* **EXERCISE MATERIALS**
-- Opening Marker --

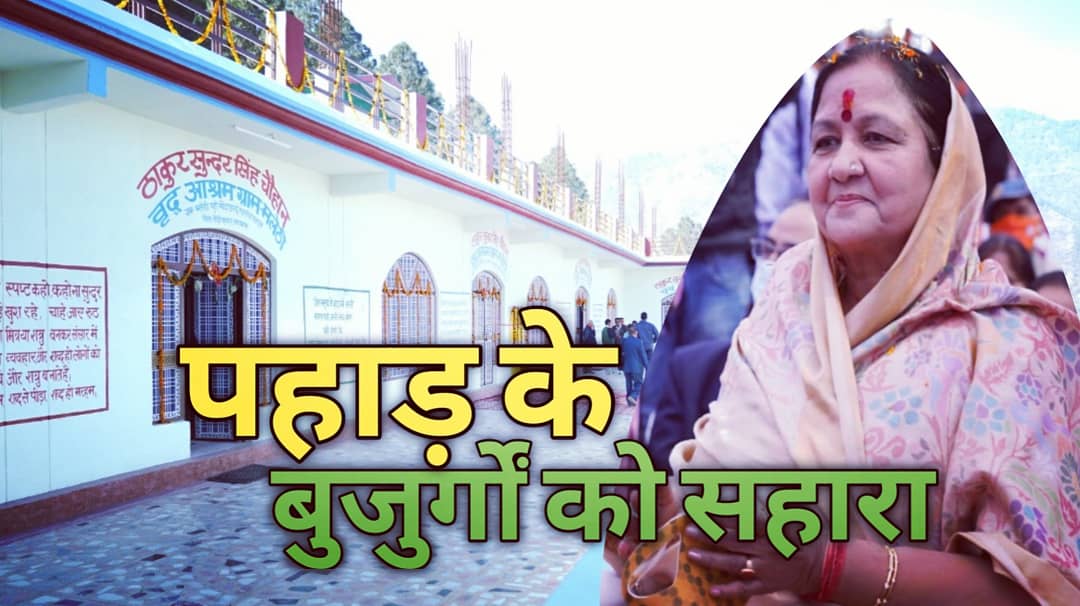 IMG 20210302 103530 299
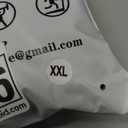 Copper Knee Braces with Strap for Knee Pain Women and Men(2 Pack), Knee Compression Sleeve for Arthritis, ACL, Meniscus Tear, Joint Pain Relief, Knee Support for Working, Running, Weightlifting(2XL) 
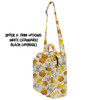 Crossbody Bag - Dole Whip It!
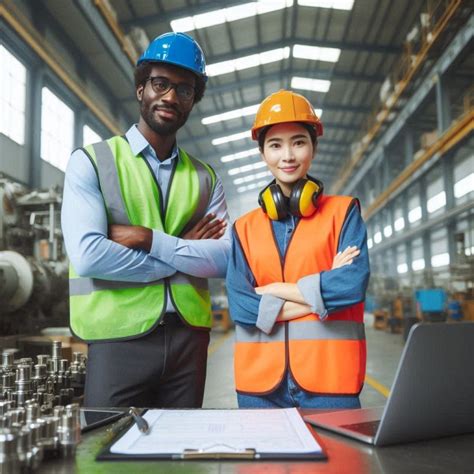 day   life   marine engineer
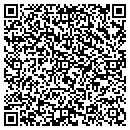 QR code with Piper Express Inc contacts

-- Closing Marker --
-- Opening Marker --

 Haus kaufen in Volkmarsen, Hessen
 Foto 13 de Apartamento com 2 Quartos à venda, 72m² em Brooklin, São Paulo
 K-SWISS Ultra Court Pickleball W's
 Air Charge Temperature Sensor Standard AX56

-- Closing Marker --

* **THE TASK**
In the data above, the stretch from the line with "IMG 20210302 103530 299" through the line with "Crossbody Bag - Dole Whip It!" is to be returned exactly, minus any pictures.

* **EXPECTED ANSWER**
 IMG 20210302 103530 299
 Copper Knee Braces with Strap for Knee Pain Women and Men(2 Pack), Knee Compression Sleeve for Arthritis, ACL, Meniscus Tear, Joint Pain Relief, Knee Support for Working, Running, Weightlifting(2XL) 
 Crossbody Bag - Dole Whip It!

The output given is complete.